Do you have student loan debt? Many people do. Student loan debt accounts for a little over $1 trillion. The statistics are staggering. Student Loan Hero outlines some of them below
- $1.44 trillion in total U.S. student loan debt
- 44.2 million Americans with student loan debt
- Student loan delinquency rate of 11.2% (90+ days delinquent or in default)
- Average monthly student loan payment (for borrower aged 20 to 30 years): $351
- Median monthly student loan payment (for borrower aged 20 to 30 years): $203
If you are struggling to pay the debt off after graduating, here are five great ways to eliminate student loans forever that has personally worked for me.
If you have multiple loans you might be able to save money by consolidating the loans into one. It depends on your situation but you could save a significant amount doing so. Also, combining all into one loan will make them easier to manage. You would have only to pay one payment per month instead of making payments to various different lenders.
There are some advantages of consolidating.
First, after consolidating, there is one lender to pay. There is no need to manage paying to 3 or 5 different lenders. While this might not save you any money, if definitely makes life easier.
Second, in some cases you may switch from a variable to a fixed interest rate.
And third, it is possible you may have lower monthly payments after consolidation.
#2 Accelerate your payments by getting a side hustle
Pick up a side gig and earn some extra money. Then take the extra money you earn and apply it to the debt. Your loan balance will go down in no time through this strategy.
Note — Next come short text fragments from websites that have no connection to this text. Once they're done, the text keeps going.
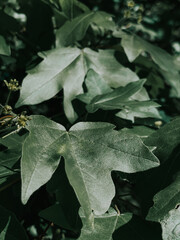 Poster - Closeup shot of field maple (Acer campestre) leaves in the forest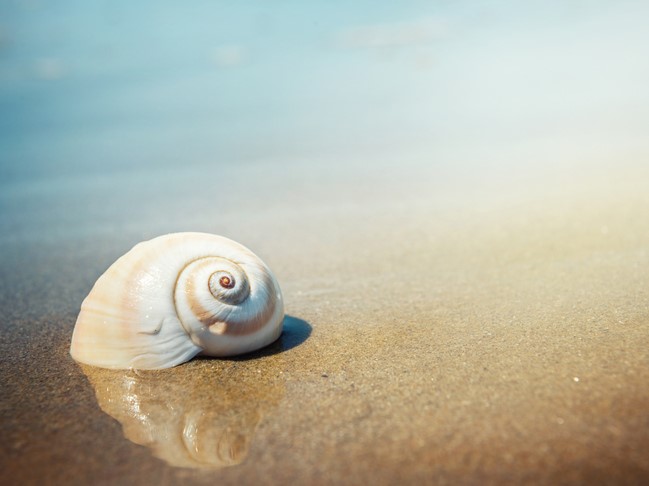 How I stopped worrying and learned to embrace pre-prepared courses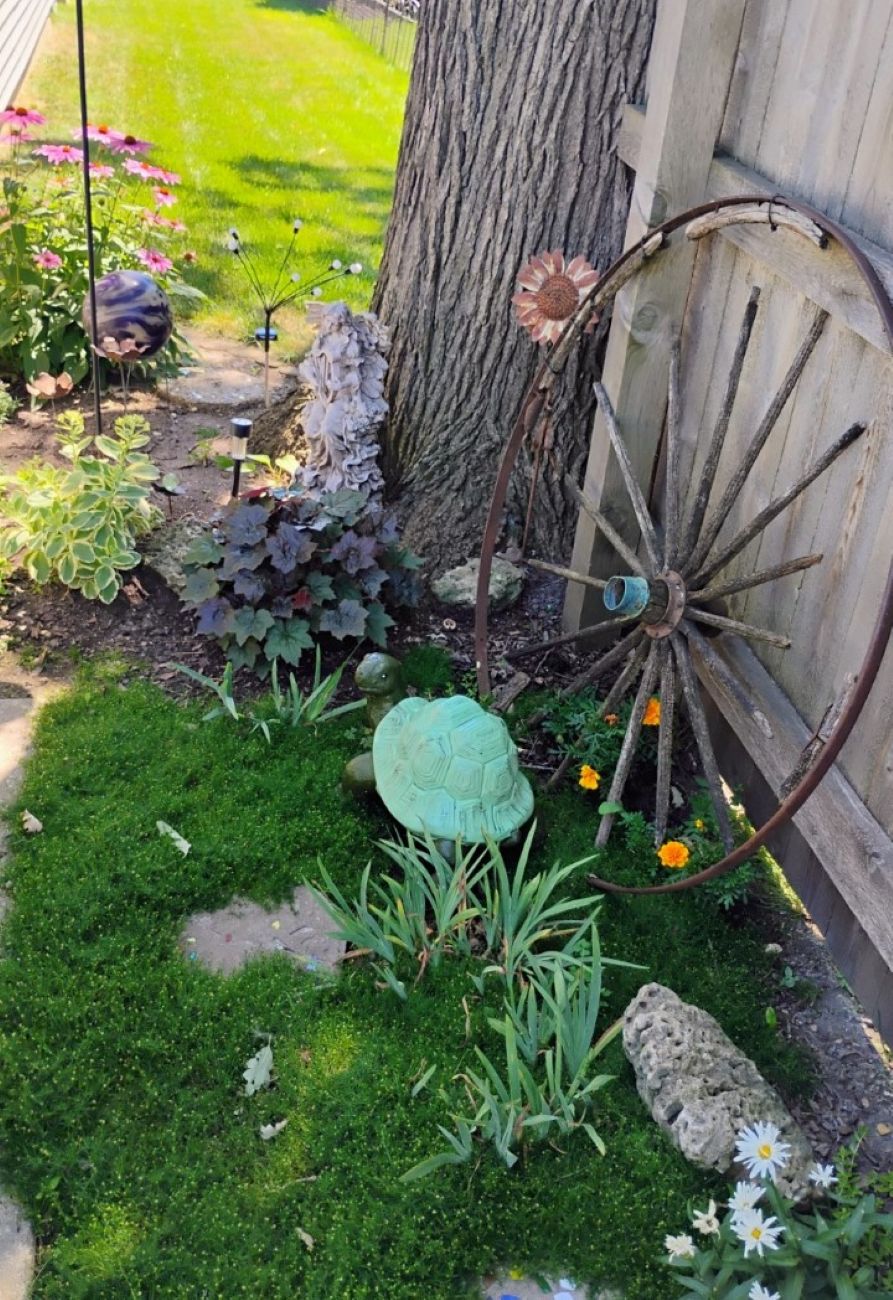 ground covers, garden ornaments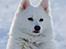 Japansk spids Grazy Daisy - R.I.P. :'( <3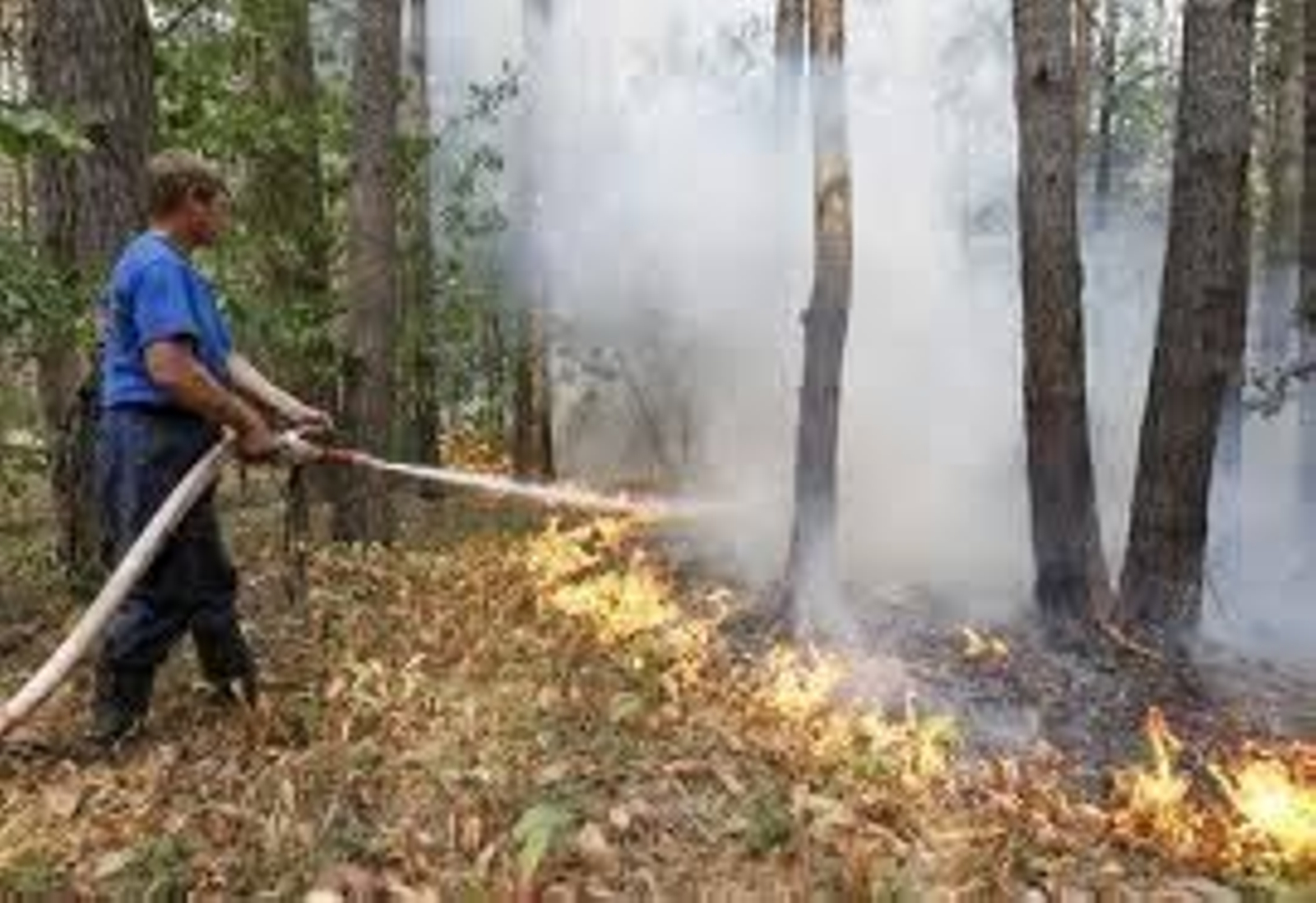 En la imagen, trabajos para la extinción de un fuego.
There are tons of ways to earn extra money.
Here are some ideas:
- Drive with Uber
- Dog Sit with Rover
- Freelance on sites like Upwork
- Deliver Food with UberEats
- Become A Mystery Shopper
- Sell stuff you don’t want anymore on sites like EBay and Craigslist
- Rent your extra space with Airbnb
An extra $500 or so a month can go a long way when you apply it to the principle of the debt. This is money that is not part of your budget but extra money. It can shave off years in repayment.
This could be the most important strategy in paying off student loans fast.
#3 Trim your budget
Review your budget and see what you can cut or trim down. Recognize those savings and put it towards the loan balance.
Do you eat out a lot? Cut that habit or reduce it. That could be an instant $200 savings every month.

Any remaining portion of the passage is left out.